Sayre-McCord spoke to the Board of Trustees at its Feb. 1 meeting about the program’s popularity. “The room for growth of the minor is close to unlimited – except for lack of faculty,” he said. “As we add those, we can expand. We want to keep the major small and the quality high.”

The courses for the PPE minor include a gateway and a capstone seminar, with one course in each of the three disciplines. But that’s just the beginning of the learning experience.

For the students, the minor is much more than its courses. It includes opportunities to attend various colloquia and symposia, join independent reading groups, participate in dinner discussions and hear from current thought leaders on topics ranging from public schools and climate change to equality and privacy. According to Sayre-McCord, it’s opportunities like these that set Carolina’s PPE program apart.

“In my opinion, Carolina’s PPE program is among the nation’s best because not only do we bring together some of the world’s authorities in each discipline to move scholarship forward, we create an environment for students to thrive and then support them in defining their career paths through internships, assistantships and fellowships,” he said. “It’s more than an interdisciplinary minor, PPE is a formula for developing critical thought that helps form a solid foundation for students in any career they pursue.”

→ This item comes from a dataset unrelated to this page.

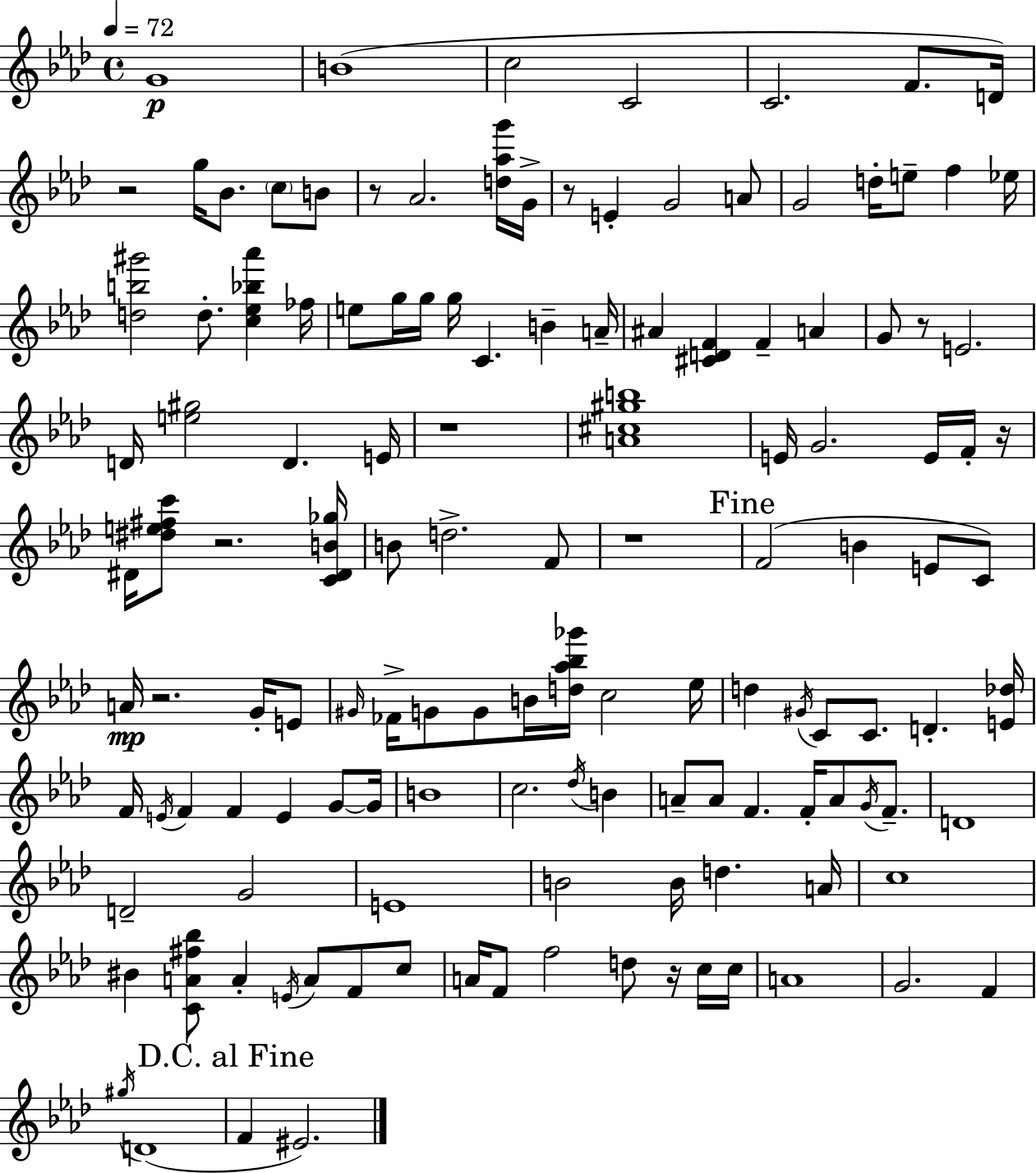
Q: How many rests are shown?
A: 10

For Brenee Goforth ’18, who also spoke at the Feb. 1 trustees meeting, the minor has been the topmost experience of her Carolina education. “PPE has brought me together with other students who want to tackle the difficult issues of our time and encouraged me to think in ways that a singular approach does not,” she said. “I’m more open to other perspectives, more confident talking about myself and issues I feel strongly about. I feel so much better prepared to pursue my goals, including law school, public service or perhaps public office.”

Goforth said that pursuing economics or political science in isolation didn’t provide everything she wanted. “PPE allowed me to delve deeply into real-world issues on multiple fronts and flip the script on the way we talk about challenging problems,” she said. “For example, when considering how to reduce incarceration rates among Black males, rather than just look at ways to rehabilitate, ask why the crime rate among that group is higher. Are there issues of neglect, abject poverty, lack of education, or even societal expectations? If they are expected to be criminals rather than college-bound students, for example, they are more likely to follow that path. Let’s develop a strategy to change that.”

Board of Trustees secretary William “Bill” Keyes, who has mentored PPE students as interns at D.C.-based Institute for Responsible Citizenship, which he established and directs, was excited at the prospect of creating a major in PPE.

“This is the most exciting presentation I have heard in my two-and-a-half years sitting on the board,” he said. “Not only are these students impressive, they are our future, and anything we can do to be involved in this, I want to see it grow.”